Где-то в «Опавших листьях» Василий Розанов восхищается мудрой прозорливостью российского правительства, которое, вместо того чтобы найти способ столковаться и использовать во благо нации неистощимую энергию Чернышевского, предпочло освободить его от трудов и прокатить по туристическому маршруту «Петропавловская крепость-Нерчинские рудники-Вилюйск-Астрахань». Сачок-литератор по фамилии Набоков впоследствии ловко прокатился перышком по выбранным слабым местам Чернышевского, не имея сам и доли дельных его способностей. Изящная словесность-с pour изящной же словесности-с почему-то всегда служит отличной иллюстрацией к классовой стратификации мира.

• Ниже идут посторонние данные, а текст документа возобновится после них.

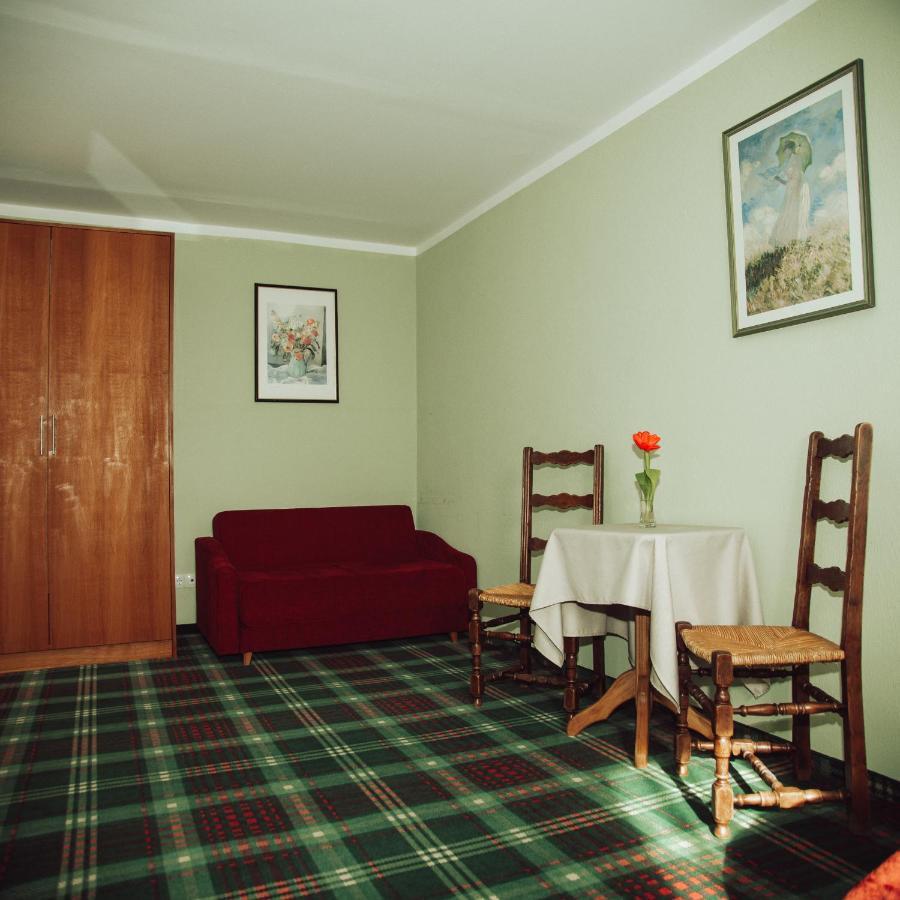 Taujenu Dvaro Sveciu Namai Towiany Extérieur photo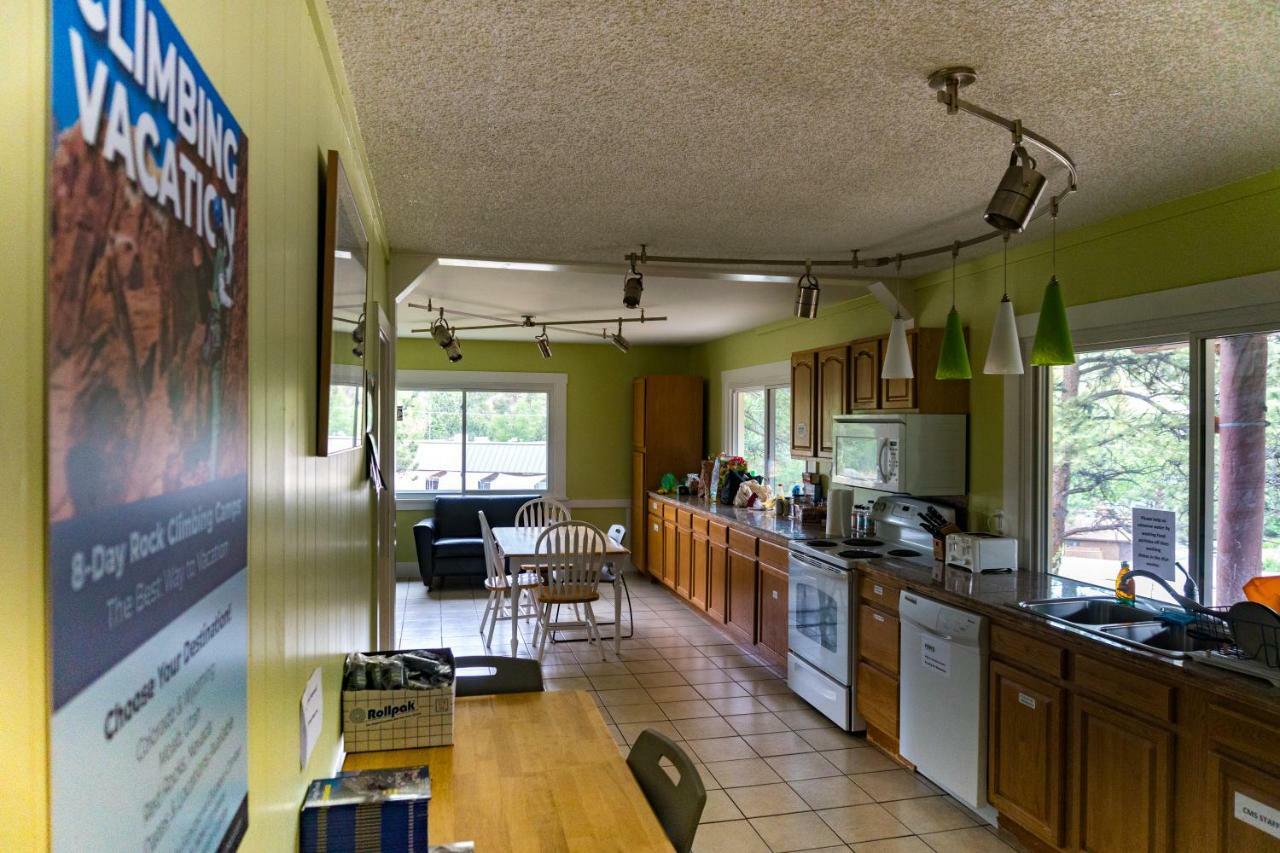 Estes Park Adventure Hostel Zewnętrze zdjęcie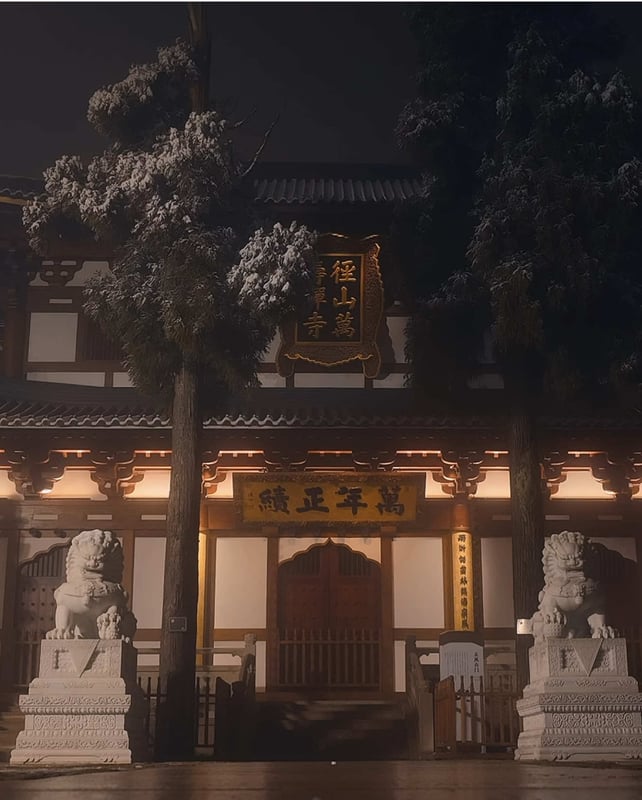 A snow-filled night at Jingshan Temple. The mountain grows silent. The temple light breathes. Sno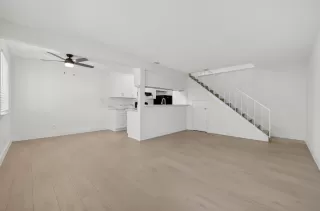 Photo #4: 225106306 Listing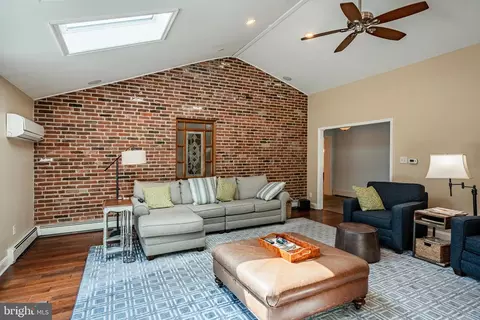 Living - 479 Walker Rd, Wayne, PA 19087 photo 5 of 5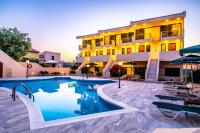 Basen w obiekcie Orestis Hotel Sea View Apartments lub w pobliżu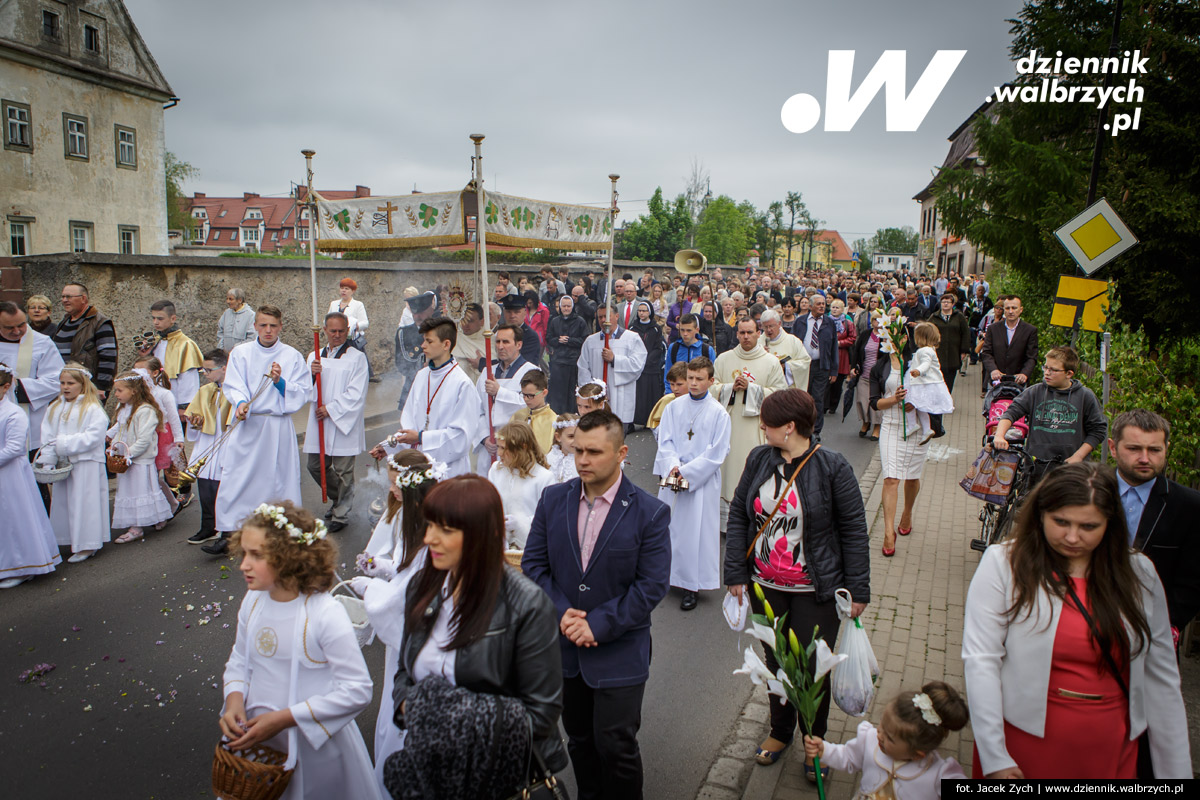 26.05.2016 Krzeszów. Kilkuset wiernych z Dolnego Śląska wzięło udział w tradycyjnej procesji Bożego Ciała w Sanktuarium Matki Bożej Łaskawej w Opactwie Cystersów w Krzeszowie. fot. Jacek Zych / Dziennik Wałbrzych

В ту же steppe, но уже применительно к декабристам и вновь с явлением на сцену Мысловского — на сей раз к «декабристу до декабря» Владимиру Раевскому, после трех лет отсидки в Тирасполе привезенному до кучи в Петропавловку:

«Через 5 или 6 дней ко мне явился священник для увещания. С духовными лицами я всегда охотно разговаривал, а в каземате я даже обрадовался его приходу. Это был протопоп Казанского собора. Он начал с того, что государь сказал: «Если бы эти люди просили у меня конституции не с оружием в руках, я бы посадил их по правую руку от себя».

— Послушайте, — сказал я, — здесь в казематах до четырехсот человек. Неужели все с оружием в руках требовали конституции? И до сих пор посадил ли государь хоть одного человека по правую руку от себя?

Священник мой замолчал. Разговор не клеился. Я был уже опытный арестант. Он вышел».

Декабристам изо всех царских и холуйских сил клеили токмо кровавое злоумышление покуситься на государеву жизнь, чтобы перевести стрелку их дела с политики на особо тяжкую уголовщину. Сингулярный персонализм и в обозримом прошлом и в видимом настоящем, т. е. «всегда», служил ведущей школой в русской политической философии. В него-то, что и вызвало такую бурную ответным натиском «адекватную реакцию», и не обинули прицелиться декабристы:

«Государь принял Н. А. Бестужева ласково, был тронут его выражениями и чувствами, исполненными высокой любви к отечеству, и сказал ему: «Вы знаете, что все в моих руках, что могу простить вам, и если бы мог увериться в том, что впредь буду иметь в вас верного слугу, то готов простить вам». — «Ваше величество, в том и несчастье, — ответил Бестужев, — что вы все можете сделать; что вы выше закона: желаю, чтобы впредь жребий ваших подданных зависел от закона, а не от вашей угодности» (А. Е. Розен, «Записки декабриста»).

1) Декабрь уж наступил. Впереди — январь, февраль, март, апрель, май, июнь, июль, август, сентябрь и ноябрь.

2) Кому на Пестеля, тому не на Литейный. И наоборот.